I was diagnosed with post-traumatic stress disorder (PTSD) earlier this year. I realise now that I’ve been ignoring the symptoms for a long time. I was partly in denial and partly worried about telling people because of their reaction. I refused to tell work what was going on until I ended up in hospital. I was aware of the stigma around mental health at my workplace and kept everything a secret. I thought if they knew I have PTSD, they would want to know about the trauma that caused it – and I didn’t want to share that with anyone. Even if they didn’t ask, they would wonder what’s happened to me.
But all this secrecy left me so alone, and with my workload and family life, something had to give. I became very unwell and eventually attempted suicide. I know I could have dealt with this better. I’m also aware that the stigma around mental health at my workplace contributed to me bottling it up, ignoring my symptoms and set me on the road to self-destruct.
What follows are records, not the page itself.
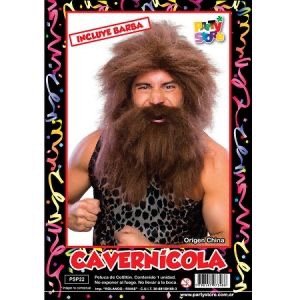 Producto - Peluca Cavernícola (incluye Barba)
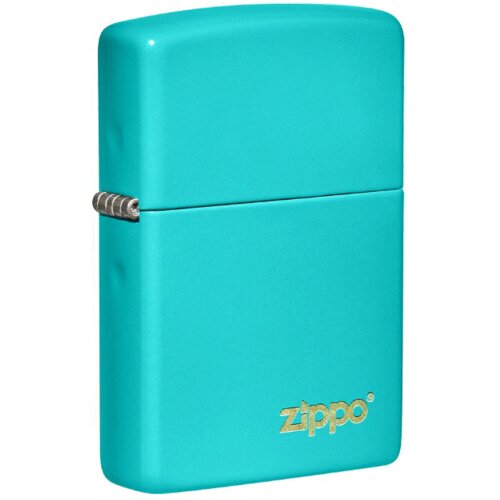  Zippo Upaljač Flat Turquoise Zippo Logo Cene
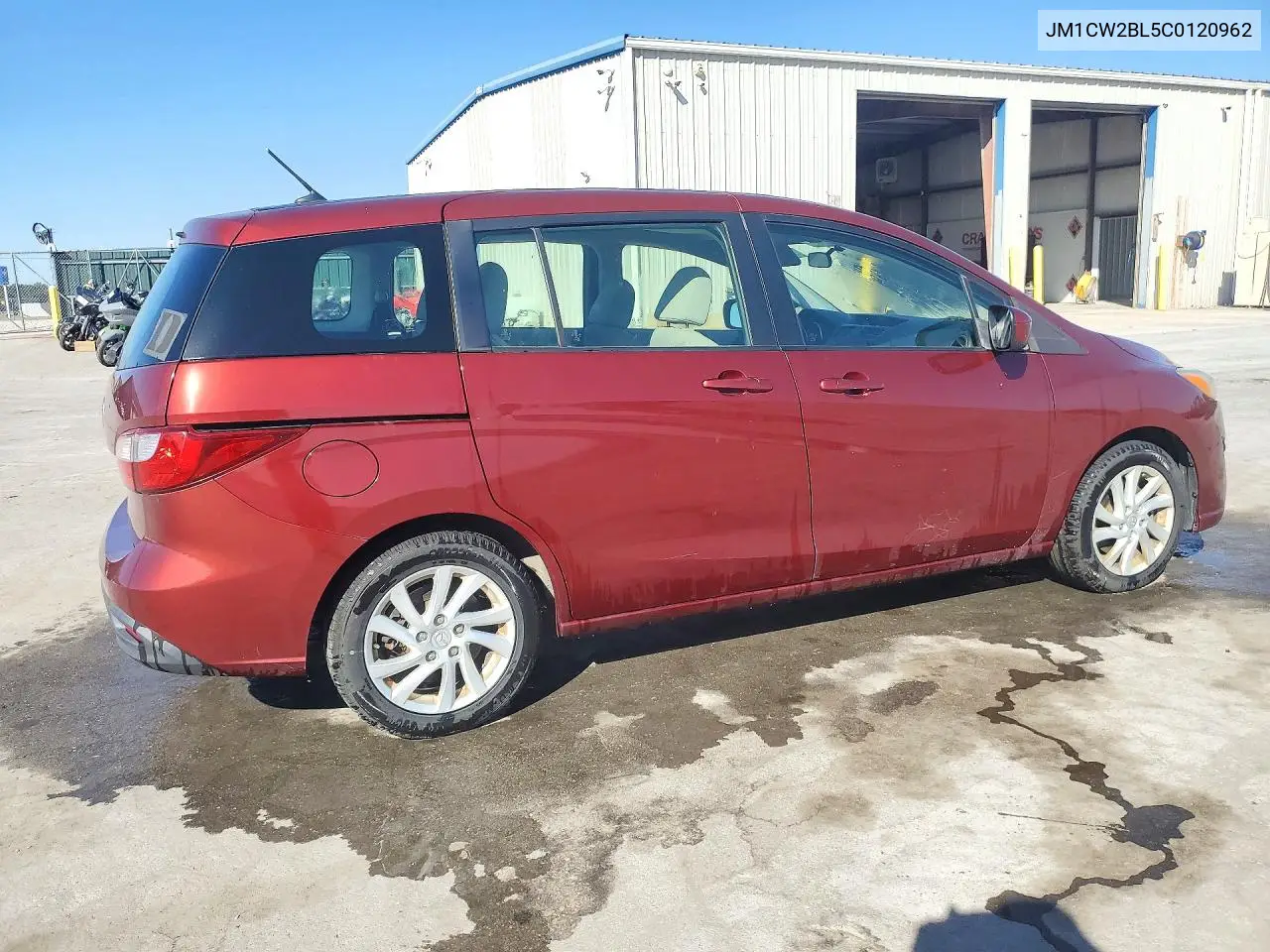 2012 MAZDA 5 VIN JM1CW2BL5C0120962 — фото 3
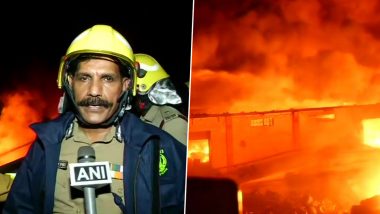 तमिलनाडु: चेन्नई के माधवराम इलाके गोदाम में लगी भीषण आग, 500 दमकलकर्मी- 26 टेंडर मौके पर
My colleagues, (the important ones), now know and they have learnt how to be towards me. Yet, they didn’t deal with it well initially. My manager, with pressure from above, was very intrusive. She questioned me for ages and was under pressure to discipline me, for not disclosing my symptoms before now. However, she is now more informed. I gave her information to read about mental health at work, from Time to Change, and encouraged her to read it. She is now ashamed of how my situation got dealt with and, as a result, has changed her approach and is much more supportive.
I now feel confident I can recognise if I need to stop and take a break or take time out if I need to. I can also disclose if I become unwell. Since then, I was pleased to see that when another colleague bravely disclosed their mental health diagnosis, of bipolar disorder, how different the response from the same manager was. Managing mental health at work is a learning process for everyone. Hiding it is not the answer – and no one should feel they have to.